TASK MATERIAL
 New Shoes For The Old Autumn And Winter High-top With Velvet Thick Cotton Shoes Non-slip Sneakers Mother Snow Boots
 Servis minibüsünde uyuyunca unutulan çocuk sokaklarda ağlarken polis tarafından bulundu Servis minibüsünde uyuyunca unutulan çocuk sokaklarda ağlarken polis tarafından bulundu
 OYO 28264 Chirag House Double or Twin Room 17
==
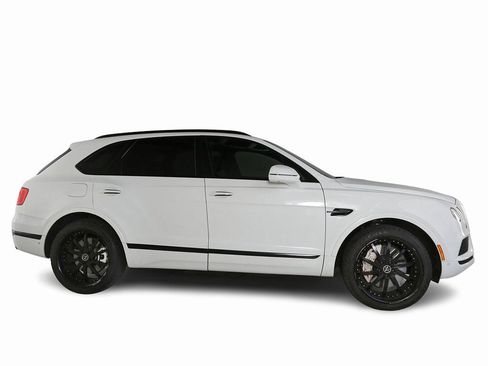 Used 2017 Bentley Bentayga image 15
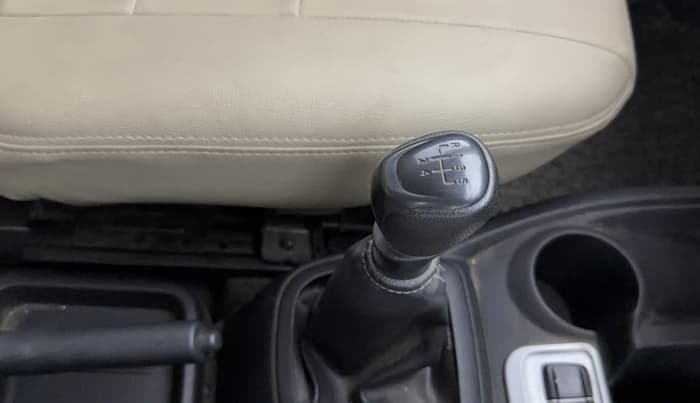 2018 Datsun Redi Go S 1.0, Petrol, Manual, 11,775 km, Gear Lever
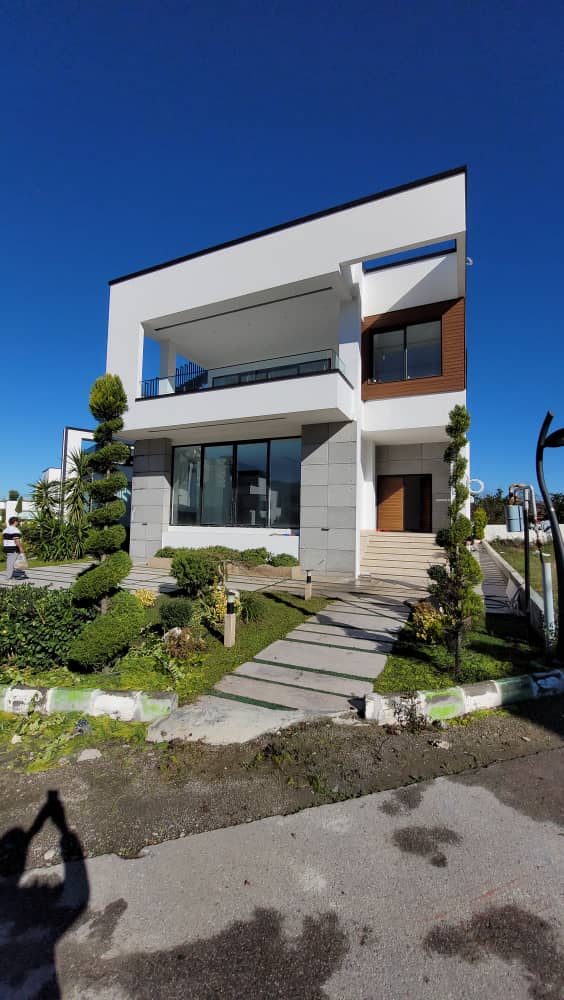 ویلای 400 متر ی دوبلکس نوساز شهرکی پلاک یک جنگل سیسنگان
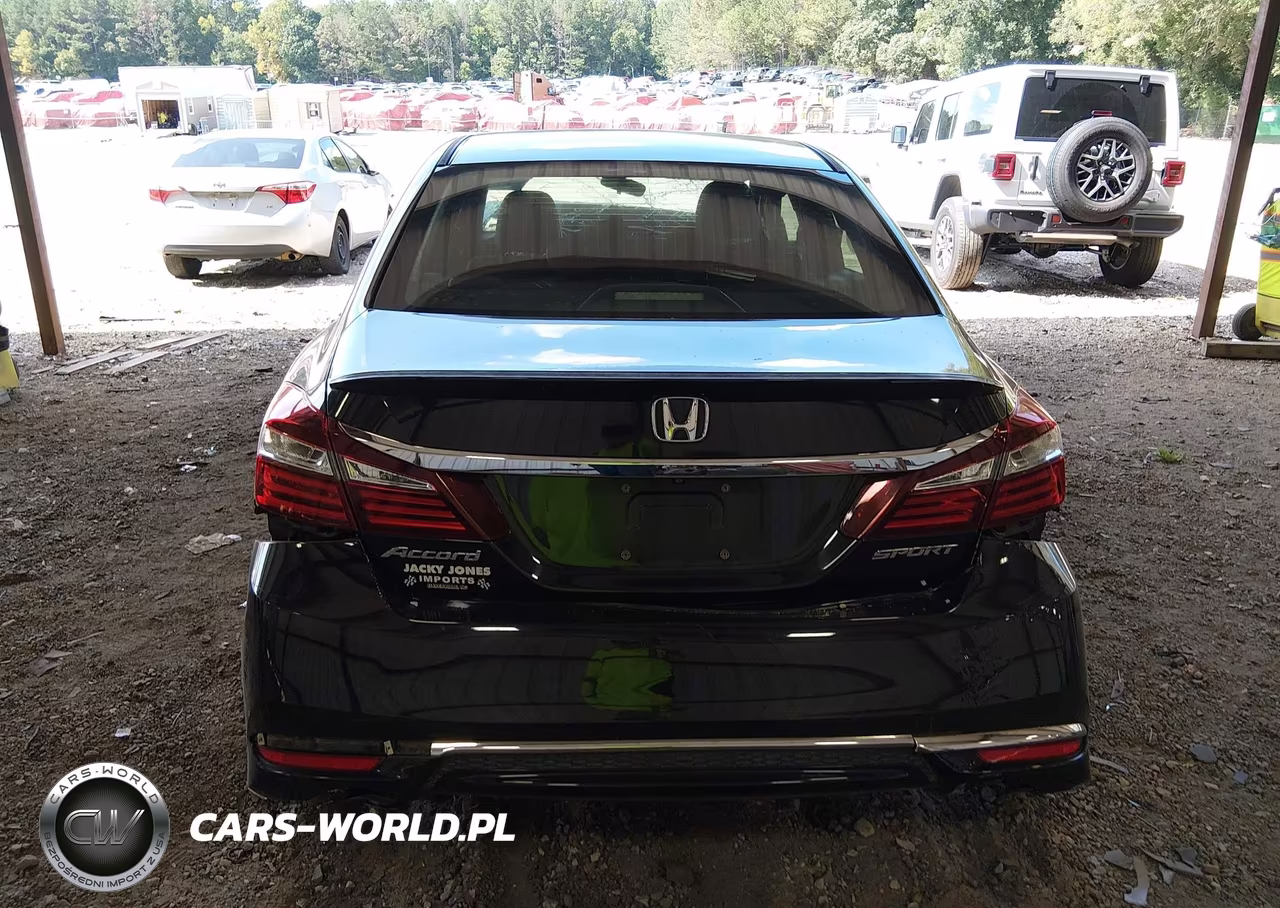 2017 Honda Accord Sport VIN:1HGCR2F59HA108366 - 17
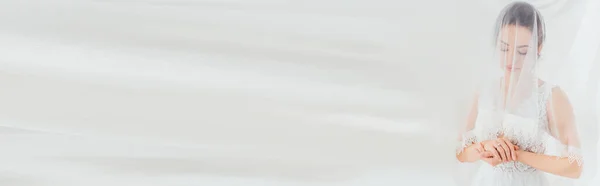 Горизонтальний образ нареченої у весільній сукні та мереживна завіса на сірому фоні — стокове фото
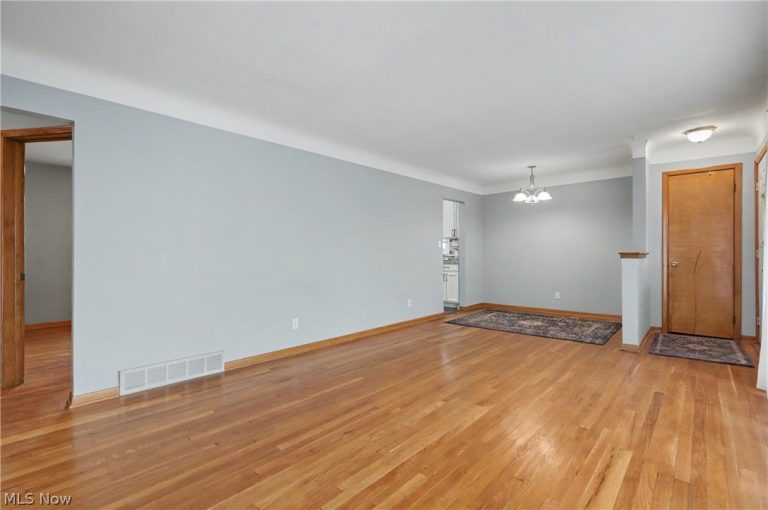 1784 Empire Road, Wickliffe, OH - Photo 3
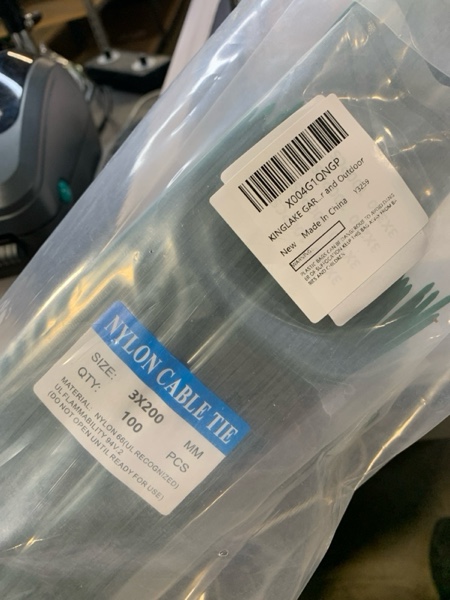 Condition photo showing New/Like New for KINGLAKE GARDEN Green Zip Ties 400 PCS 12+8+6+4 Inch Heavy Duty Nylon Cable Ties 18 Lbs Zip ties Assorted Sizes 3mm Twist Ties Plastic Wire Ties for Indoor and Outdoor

WHAT TO WORK ON
Look above for the line with "2017 Honda Accord" and the line with "1784 Empire Road, Wickliffe, OH - Photo 3", then restate exactly those two lines and all lines between them, with no pictures.

REPLY
 2017 Honda Accord Sport VIN:1HGCR2F59HA108366 - 17
 Горизонтальний образ нареченої у весільній сукні та мереживна завіса на сірому фоні — стокове фото
 1784 Empire Road, Wickliffe, OH - Photo 3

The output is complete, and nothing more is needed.